Task brief: When the line with "Grade-Of-1954-$5-Canada-Note" turns up below, begin repeating exactly, and carry on through the line with "Couverture de benne"; no pictures go into the copy.

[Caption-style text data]
============
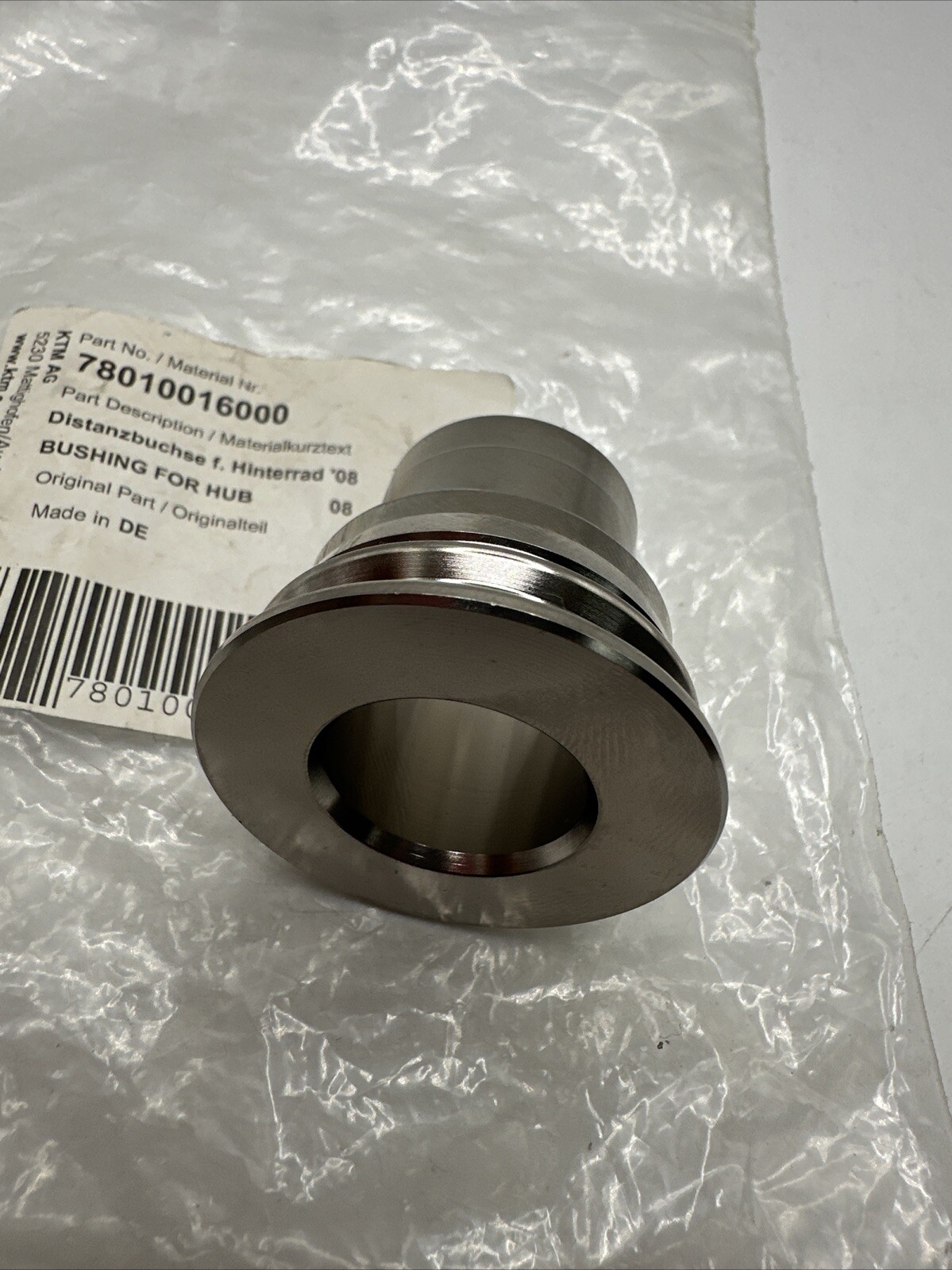 KTM Rear Wheel Hub Bush 250 350 450 EXC-F 2017-23 Genuine Part  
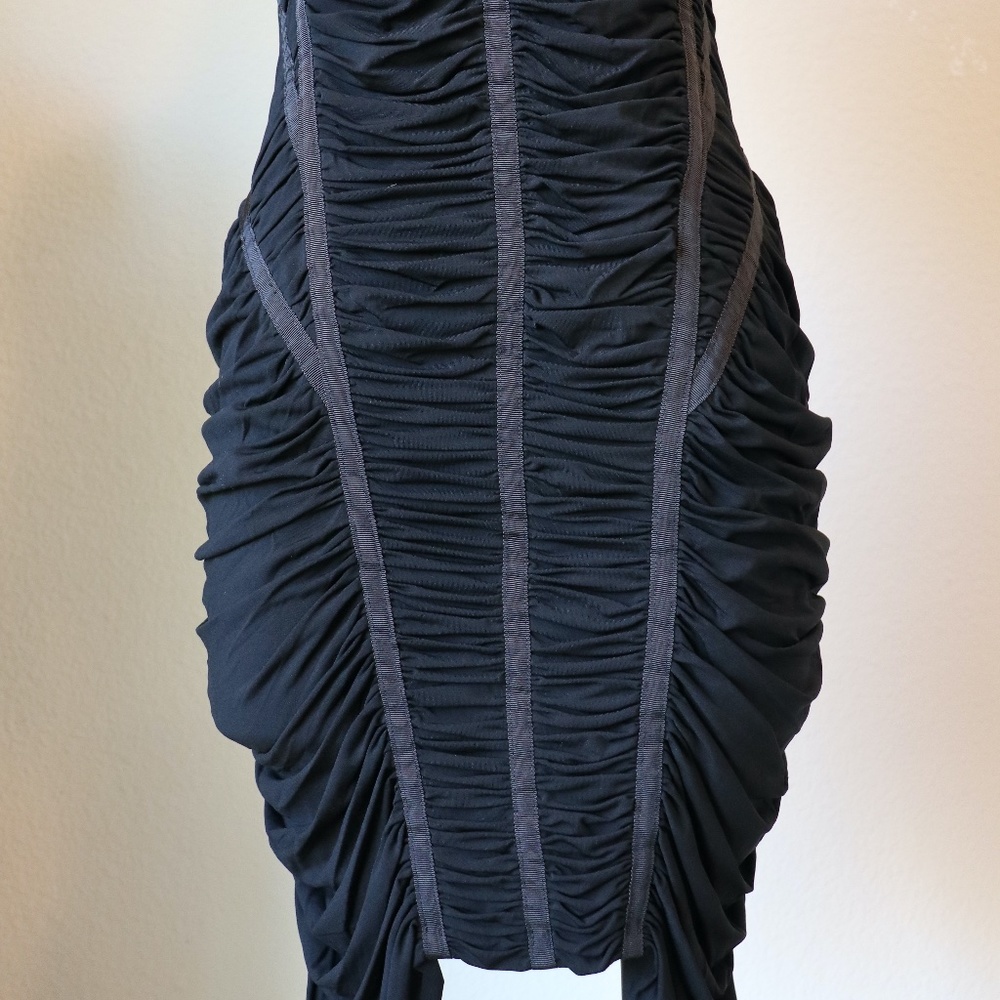 rag & bone black corseted cocktail dress - Picture 14 of 14
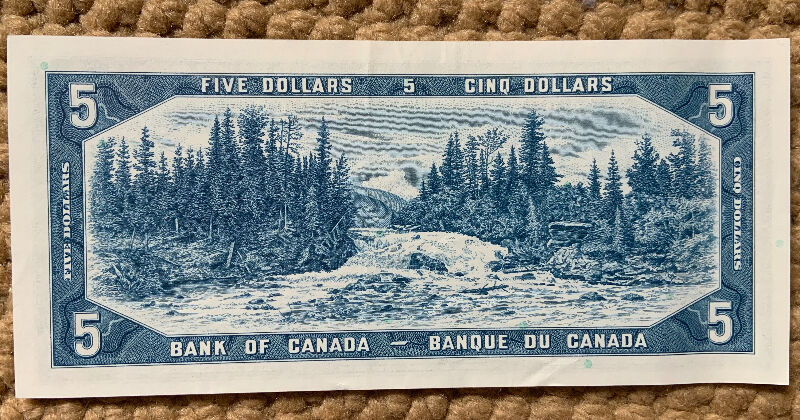 Grade-Of-1954-$5-Canada-Note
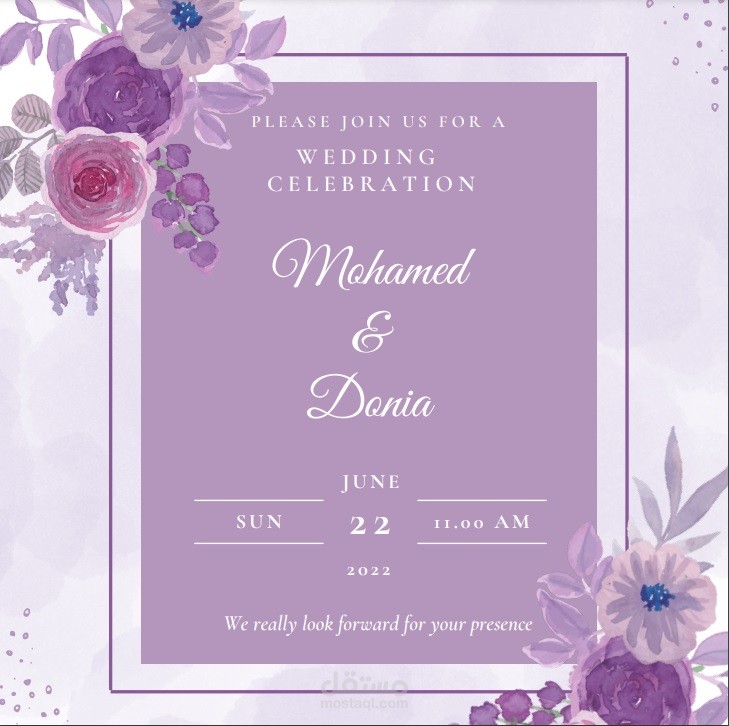 عمل دعوة فرح احترافيه بأشكال وأنماط كثيره | Make a professional wedding invitation in many shapes and styles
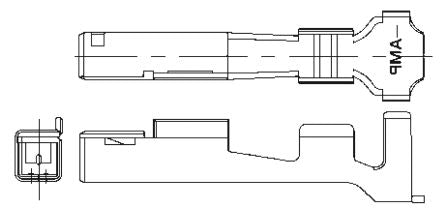 TE Connectivity Grace Inertia 3.5 Series Female Crimp Terminal Contact, 22AWG Min, 18AWG Max [1565079-1]; 712-2053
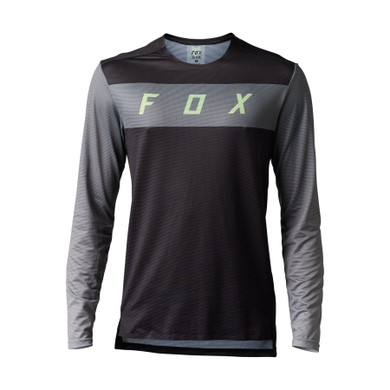 Fox Flexair Arcadia Mens MTB LS Jersey Black 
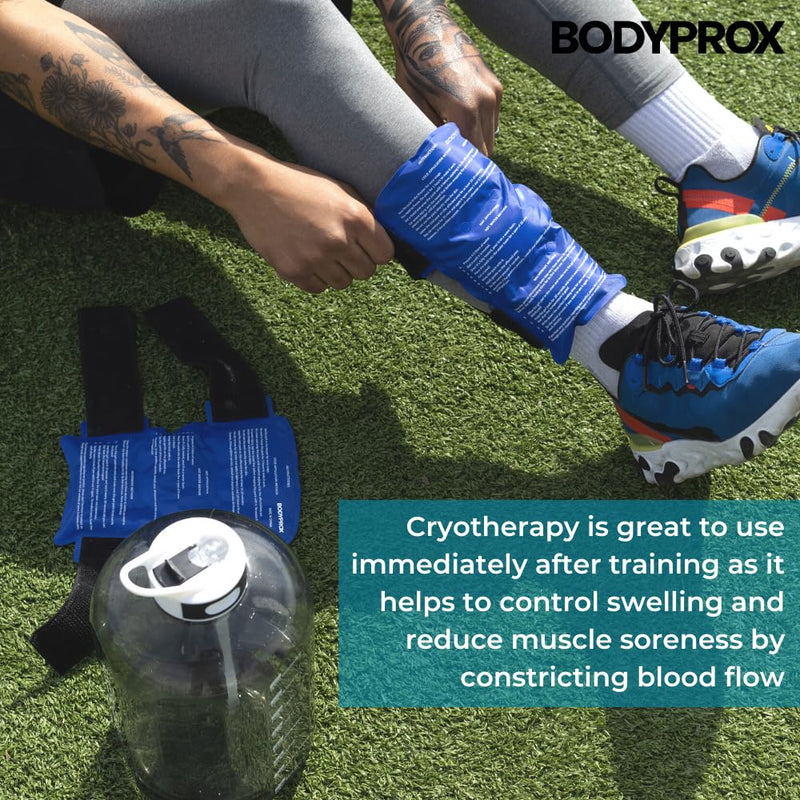 BODYPROX Shin Splint Ice Pack 2 Pack - Reusable Cold and Hot Wrap for Shin Splints Pain Relief, Flexible Ice Pack for Runners - BeesActive Australia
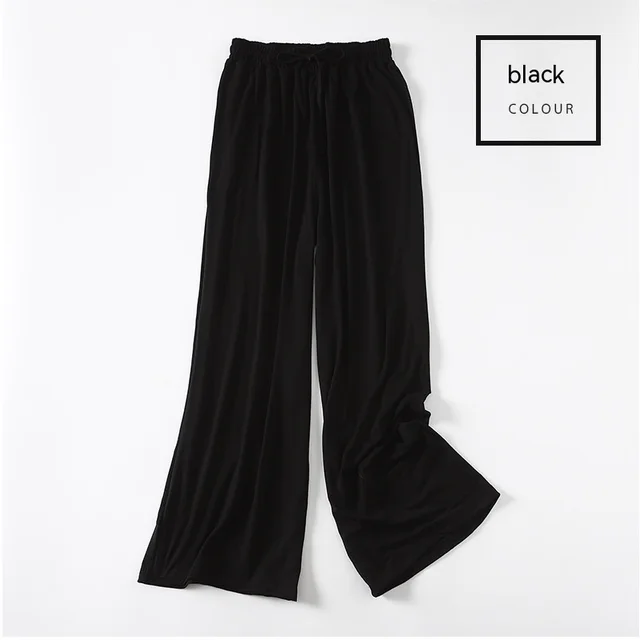 Women's Wide leg Pants Modal Slimming Casual Flared Pants Women's All matching Black - Shop at LoveMi
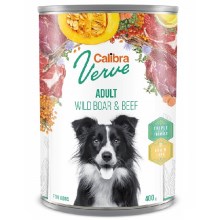 Calibra Dog Verve konzerva GF Adult Wild Boar & Beef 400 g Calibra Dog Verve konzerva GF Adult Wild Boar & Beef 400 g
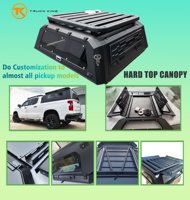 Couverture de benne rigide en acier pour pick-up, type camping-car, pour F150 Canopy Wildtrak 2023 et HONDA RIDGELINE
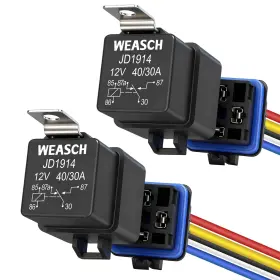 820Q-012-1C WEASCH Waterproof Relay Pin Spdt Awg Tinned Cop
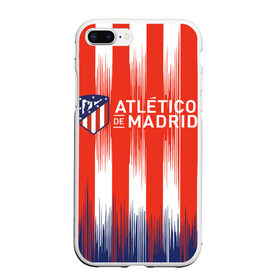 Чехол для iPhone 7Plus/8 Plus матовый с принтом ATLETICO MADRID. в Екатеринбурге, Силикон | Область печати: задняя сторона чехла, без боковых панелей | atletico madrid | fc | football | football club | sport | атлетико мадрид | испанский футбольный клуб | мадрид | спорт | уефа | униформа | фирменные цвета | фк | футбол | футбольный клуб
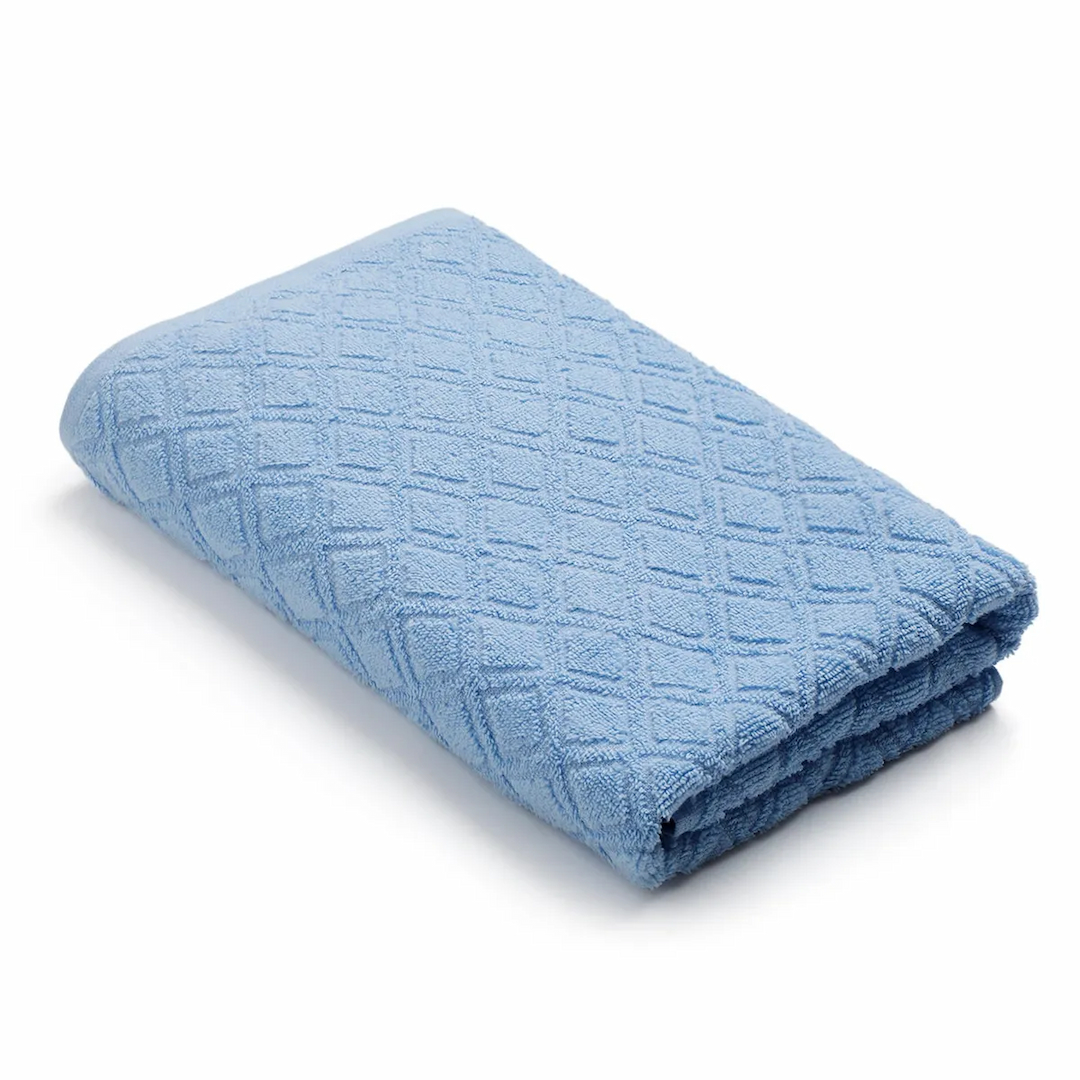 Diamond Delights - Premium Bath Towel (Light Blue)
============
Task response:
 Grade-Of-1954-$5-Canada-Note
 عمل دعوة فرح احترافيه بأشكال وأنماط كثيره | Make a professional wedding invitation in many shapes and styles
 TE Connectivity Grace Inertia 3.5 Series Female Crimp Terminal Contact, 22AWG Min, 18AWG Max [1565079-1]; 712-2053
 Fox Flexair Arcadia Mens MTB LS Jersey Black 
 BODYPROX Shin Splint Ice Pack 2 Pack - Reusable Cold and Hot Wrap for Shin Splints Pain Relief, Flexible Ice Pack for Runners - BeesActive Australia
 Women's Wide leg Pants Modal Slimming Casual Flared Pants Women's All matching Black - Shop at LoveMi
 Calibra Dog Verve konzerva GF Adult Wild Boar & Beef 400 g Calibra Dog Verve konzerva GF Adult Wild Boar & Beef 400 g
 Couverture de benne rigide en acier pour pick-up, type camping-car, pour F150 Canopy Wildtrak 2023 et HONDA RIDGELINE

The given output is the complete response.